I am having a problem with my URL Shorthands in my .htaccess.

Namely, everything works fine with this (now old) code...

# URL ShortCut Maker.
RewriteCond %{REQUEST_FILENAME} !-f
RewriteCond %{REQUEST_FILENAME} !-d
RewriteCond %{REQUEST_URI} .(.+)$
RewriteRule ^(.) ?open=encyclopedia&letter=$1&term=%1 [B,L,NC]

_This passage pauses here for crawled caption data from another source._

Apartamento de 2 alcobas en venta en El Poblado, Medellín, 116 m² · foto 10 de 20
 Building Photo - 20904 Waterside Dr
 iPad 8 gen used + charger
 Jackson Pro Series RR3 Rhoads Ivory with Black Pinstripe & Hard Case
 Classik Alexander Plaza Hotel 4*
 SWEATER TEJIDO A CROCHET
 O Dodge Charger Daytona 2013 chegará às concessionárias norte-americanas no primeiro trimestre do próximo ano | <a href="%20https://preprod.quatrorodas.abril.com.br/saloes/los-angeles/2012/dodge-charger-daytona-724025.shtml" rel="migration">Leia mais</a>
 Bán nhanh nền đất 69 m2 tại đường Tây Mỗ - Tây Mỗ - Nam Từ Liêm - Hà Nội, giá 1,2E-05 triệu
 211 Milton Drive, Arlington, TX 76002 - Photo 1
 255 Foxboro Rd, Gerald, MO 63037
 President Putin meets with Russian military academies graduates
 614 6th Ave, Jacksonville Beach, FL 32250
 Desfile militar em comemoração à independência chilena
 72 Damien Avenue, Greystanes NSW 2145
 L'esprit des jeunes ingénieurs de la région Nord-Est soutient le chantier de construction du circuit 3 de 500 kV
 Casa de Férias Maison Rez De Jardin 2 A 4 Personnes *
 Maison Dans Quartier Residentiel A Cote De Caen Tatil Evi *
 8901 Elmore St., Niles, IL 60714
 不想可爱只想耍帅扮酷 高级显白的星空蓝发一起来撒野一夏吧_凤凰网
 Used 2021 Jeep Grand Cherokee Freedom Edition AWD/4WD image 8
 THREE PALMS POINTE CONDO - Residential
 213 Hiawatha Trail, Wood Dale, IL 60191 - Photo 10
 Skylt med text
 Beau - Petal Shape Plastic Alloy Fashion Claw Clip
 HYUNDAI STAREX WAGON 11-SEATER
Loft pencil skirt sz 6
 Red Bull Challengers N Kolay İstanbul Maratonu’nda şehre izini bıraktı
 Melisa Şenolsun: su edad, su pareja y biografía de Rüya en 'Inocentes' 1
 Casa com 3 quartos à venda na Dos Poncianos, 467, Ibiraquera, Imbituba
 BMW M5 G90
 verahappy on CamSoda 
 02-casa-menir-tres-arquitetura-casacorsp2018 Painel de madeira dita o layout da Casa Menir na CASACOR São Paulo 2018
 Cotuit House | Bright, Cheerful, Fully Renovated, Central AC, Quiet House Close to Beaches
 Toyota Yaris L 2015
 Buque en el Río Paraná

It shows URL correctly as example.com/Modesty (it shows the page as if the URL would be /?open=encyclopedia&letter=m&term=modesty), but the problem occurs when I enter: example.com/Šanti, or
example.com/Đin, or
example.com/Žal,
example.com/Čakra, or
example.com/Ćof...
...if I enter any of these URLs - it shows the page as if I would enter:
?open=encyclopedia and not as
?open=encyclopedia&letter=Š&term=Šanti

EDIT: Non-English letters in question/problem.

Any solution to this?


Solution

  • You can change your existing rule with rule:

    RewriteEngine On
    
    RewriteBase /
    
    # executes repeatedly as long as there are more than 1 spaces in URI
    RewriteRule "^(\S*)\s+(\S* .*)$" $1+$2 [N,NE]
    
    # executes when there is exactly 1 space in URI
    RewriteRule "^(\S*)\s(\S*)$" $1+$2 [L,R=302,NE]
    
    RewriteCond %{REQUEST_FILENAME} -f [OR]
    RewriteCond %{REQUEST_FILENAME} -d
    RewriteRule ^ - [L]
    
    RewriteRule ^([A-Z](?:[^\x00-\x7F]+|[A-Z])?).*$ ?open=encyclopedia&letter=$1&term=$0 [B,L,QSA]
    
    RewriteRule ^([^\x00-\x7F]+).*$ ?open=encyclopedia&letter=$1&term=$0 [B,L,QSA]
    

    Negated character class [^\x00-\x7F] matches any character outside ASCII range.